Segment Start: Entries shown

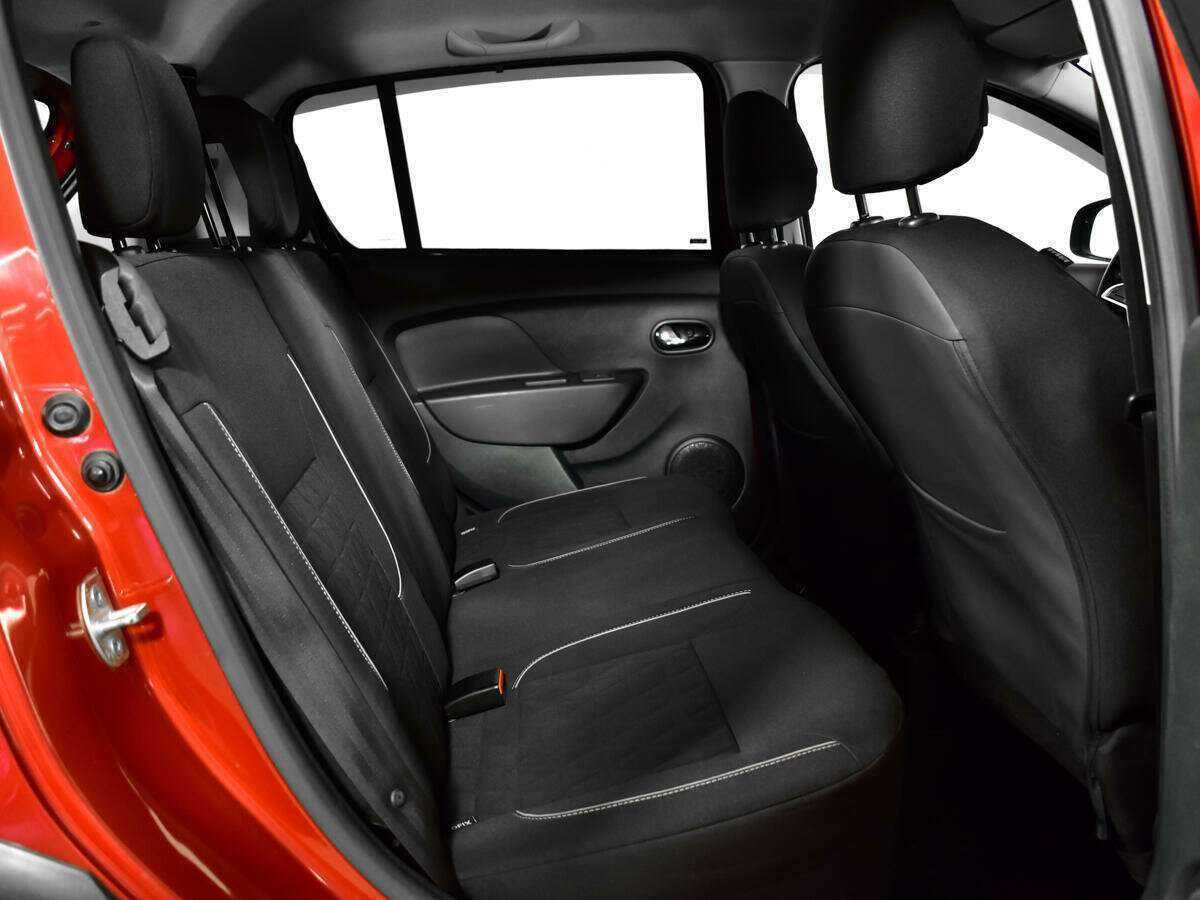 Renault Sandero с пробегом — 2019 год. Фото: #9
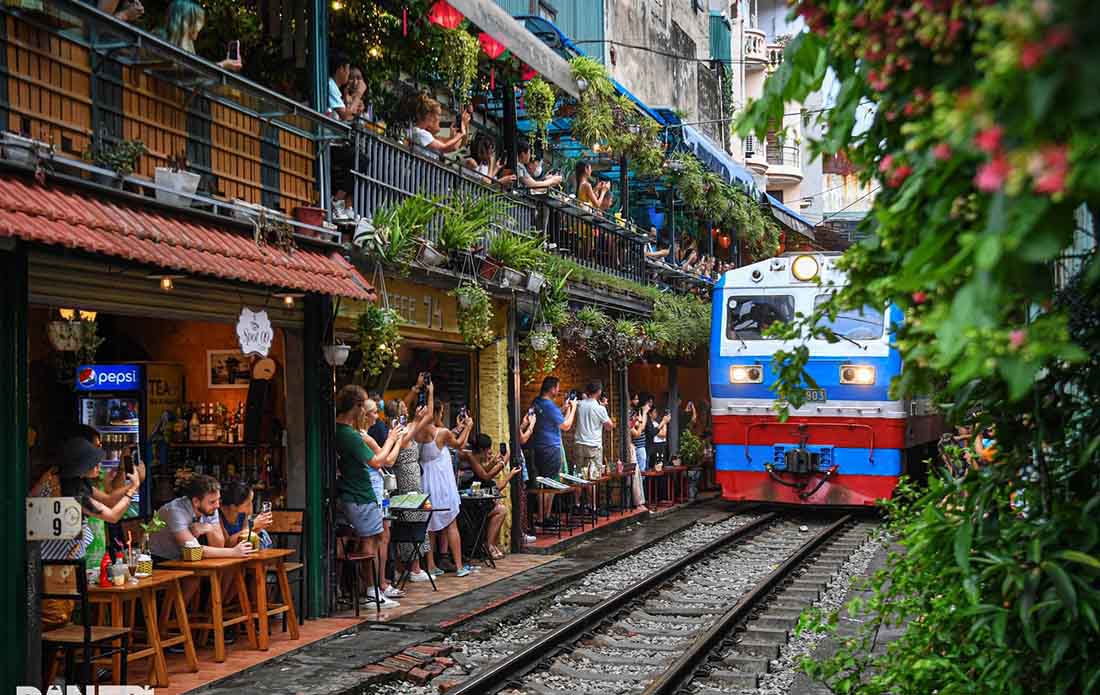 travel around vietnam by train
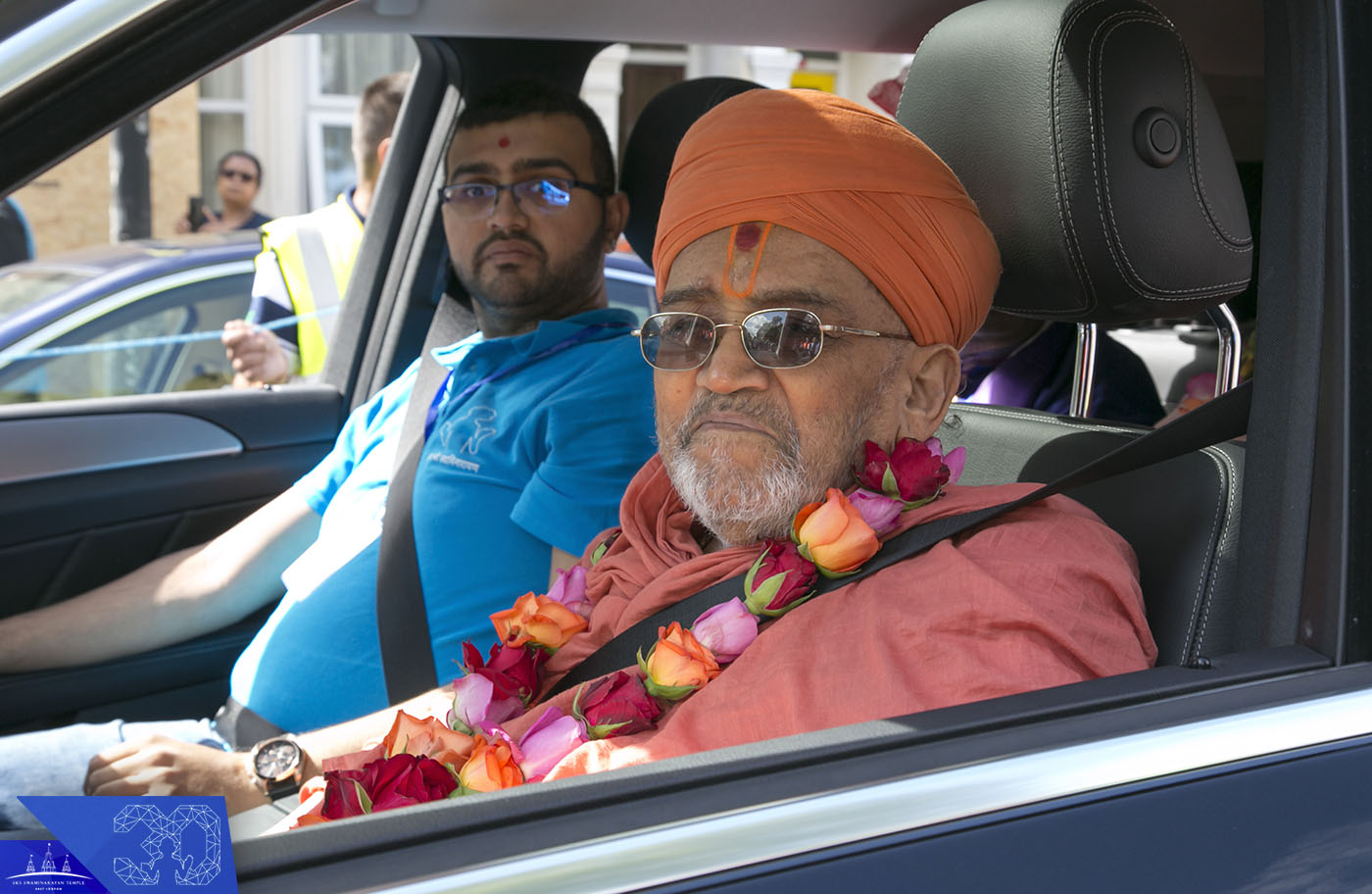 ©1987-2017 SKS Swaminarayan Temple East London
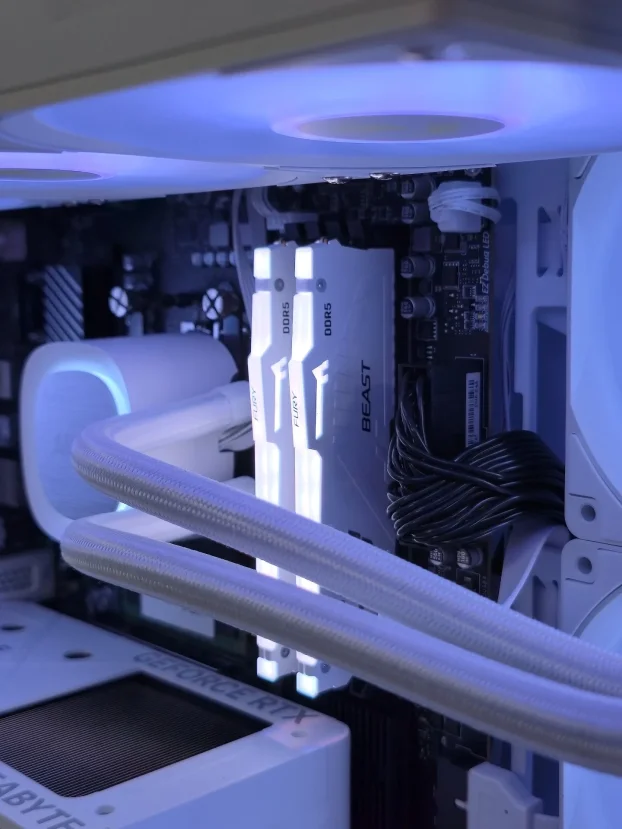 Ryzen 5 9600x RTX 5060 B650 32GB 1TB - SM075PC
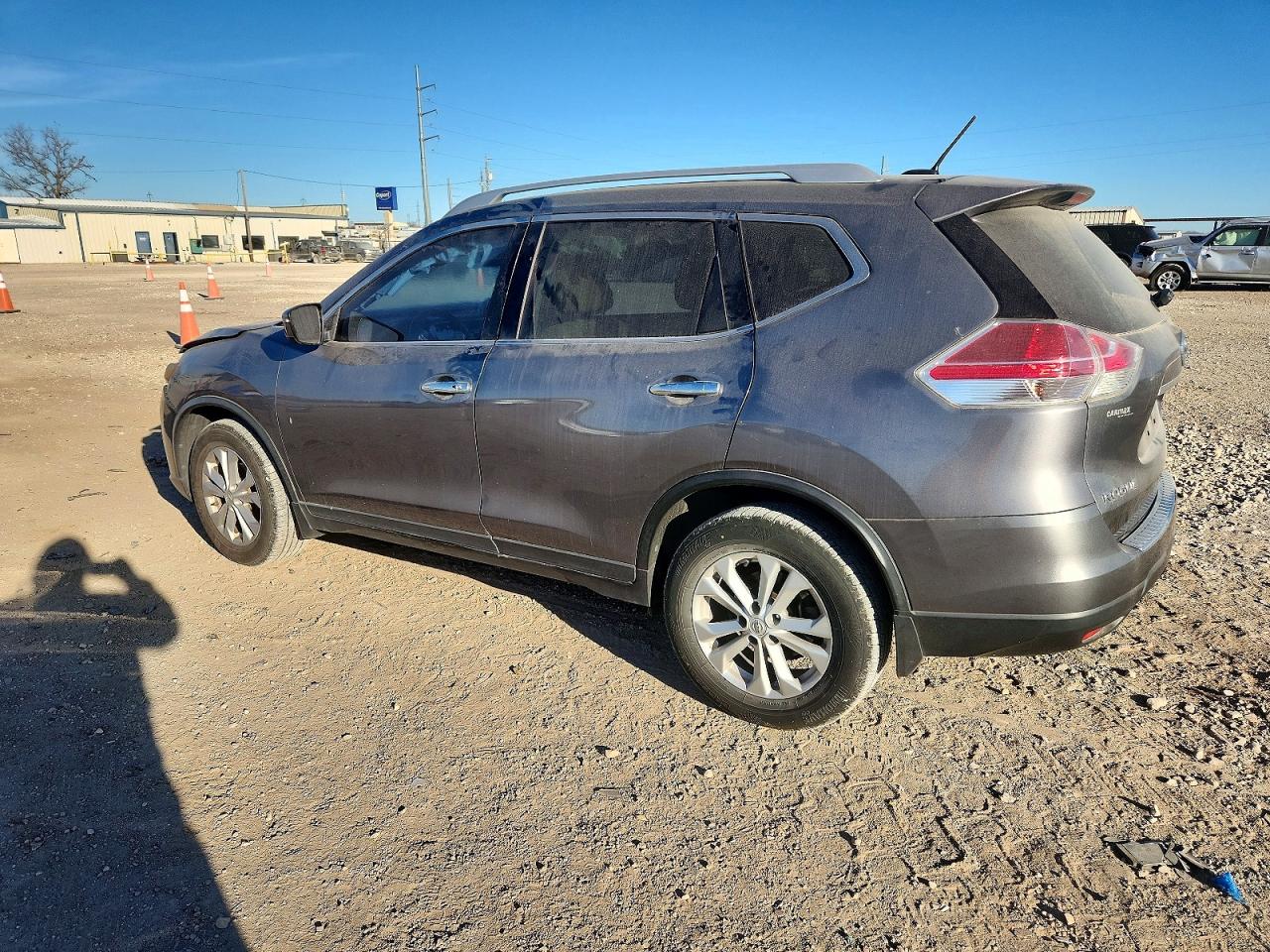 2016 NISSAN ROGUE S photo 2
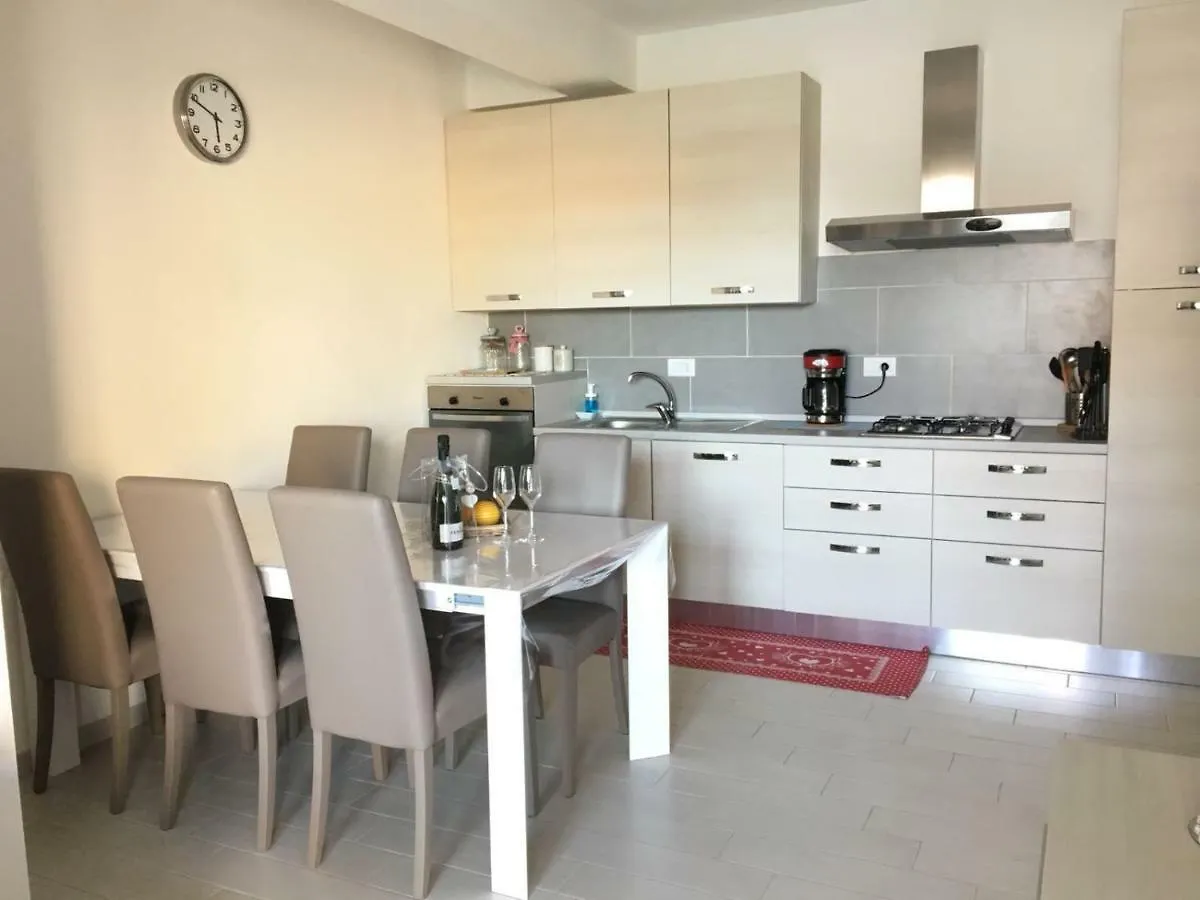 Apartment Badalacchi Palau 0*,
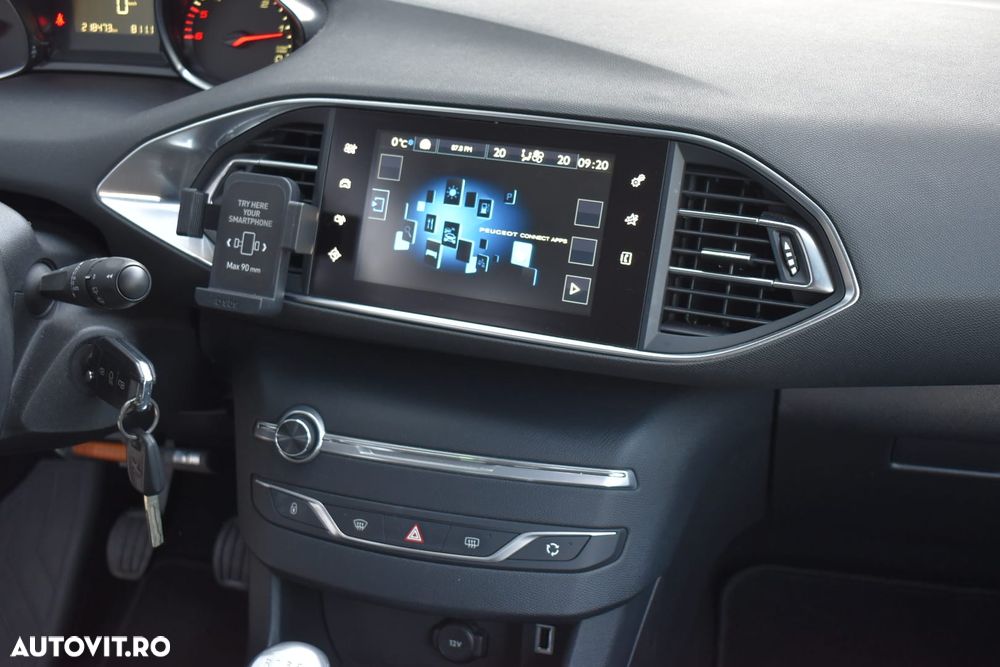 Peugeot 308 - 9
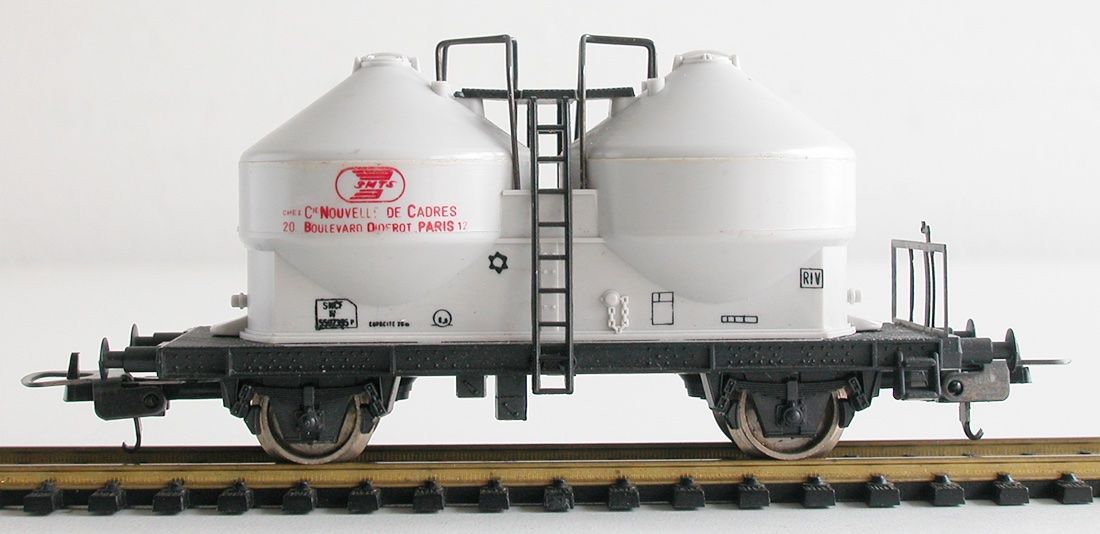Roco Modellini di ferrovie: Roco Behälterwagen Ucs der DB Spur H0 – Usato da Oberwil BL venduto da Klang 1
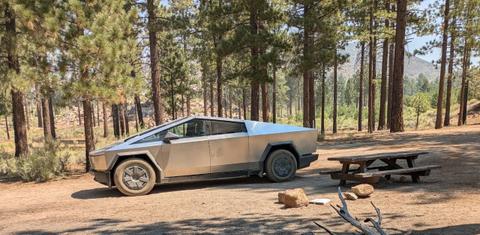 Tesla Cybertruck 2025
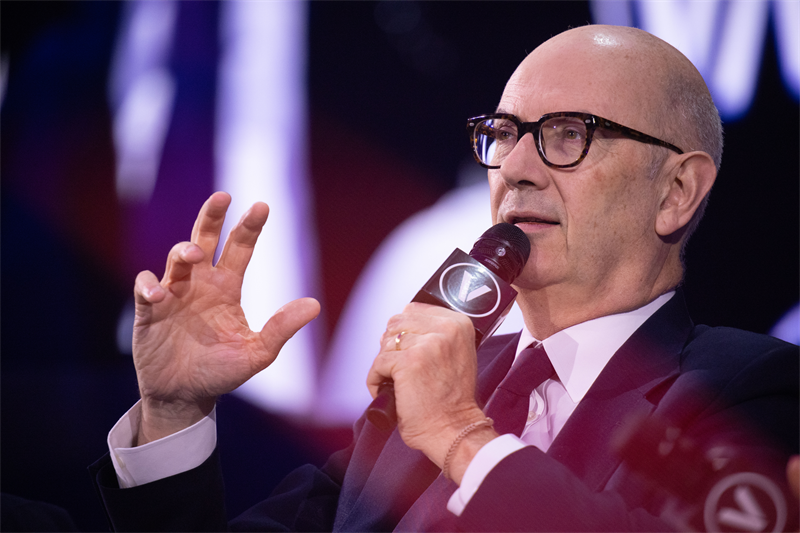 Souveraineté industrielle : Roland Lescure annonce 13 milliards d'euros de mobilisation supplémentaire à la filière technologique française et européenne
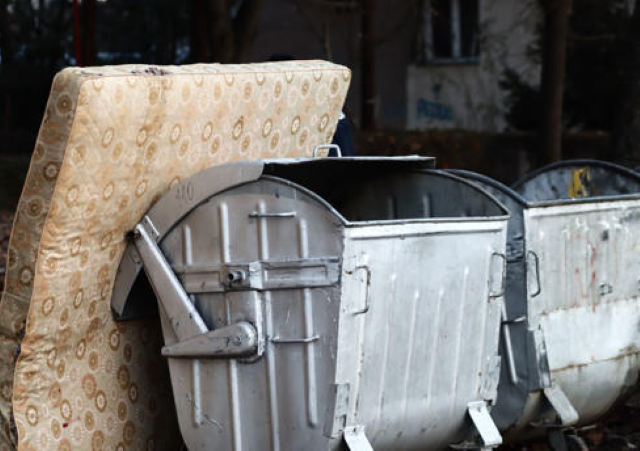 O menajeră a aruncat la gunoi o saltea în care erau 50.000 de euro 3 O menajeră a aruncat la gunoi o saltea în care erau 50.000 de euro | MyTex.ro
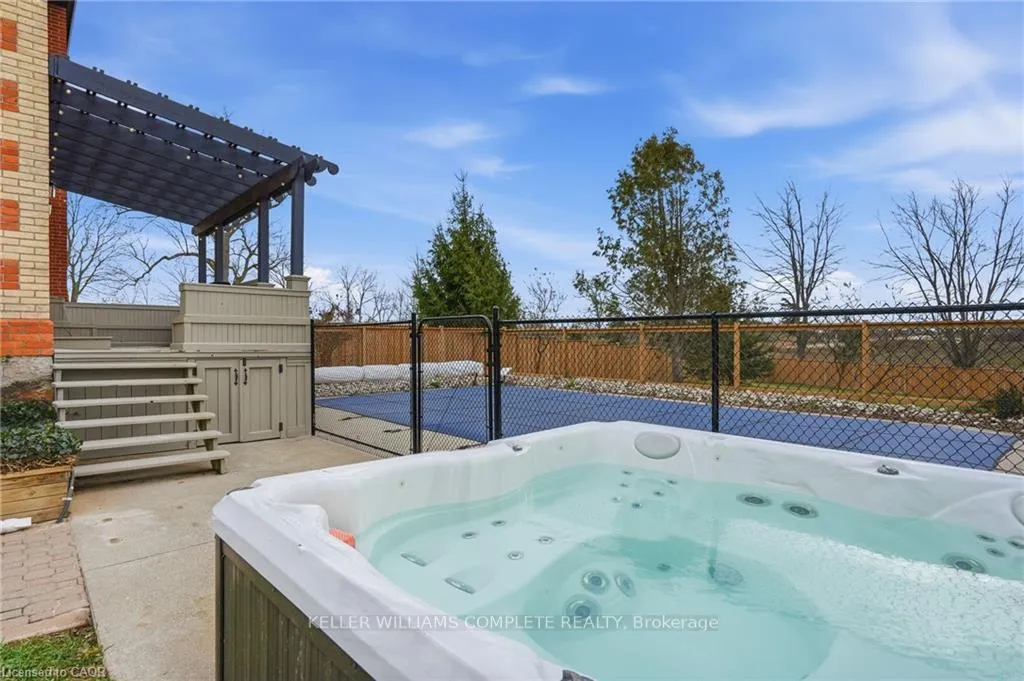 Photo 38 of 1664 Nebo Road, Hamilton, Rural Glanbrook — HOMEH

Segment End: Entries shown

_Work to complete_.
Copy exactly, and only, the lines from the first entry through the line holding "Peugeot 308 - 9", both ends included, leaving out every picture.

_Written solution_.
 Renault Sandero с пробегом — 2019 год. Фото: #9
 travel around vietnam by train
 ©1987-2017 SKS Swaminarayan Temple East London
 Ryzen 5 9600x RTX 5060 B650 32GB 1TB - SM075PC
 2016 NISSAN ROGUE S photo 2
 Apartment Badalacchi Palau 0*,
 Peugeot 308 - 9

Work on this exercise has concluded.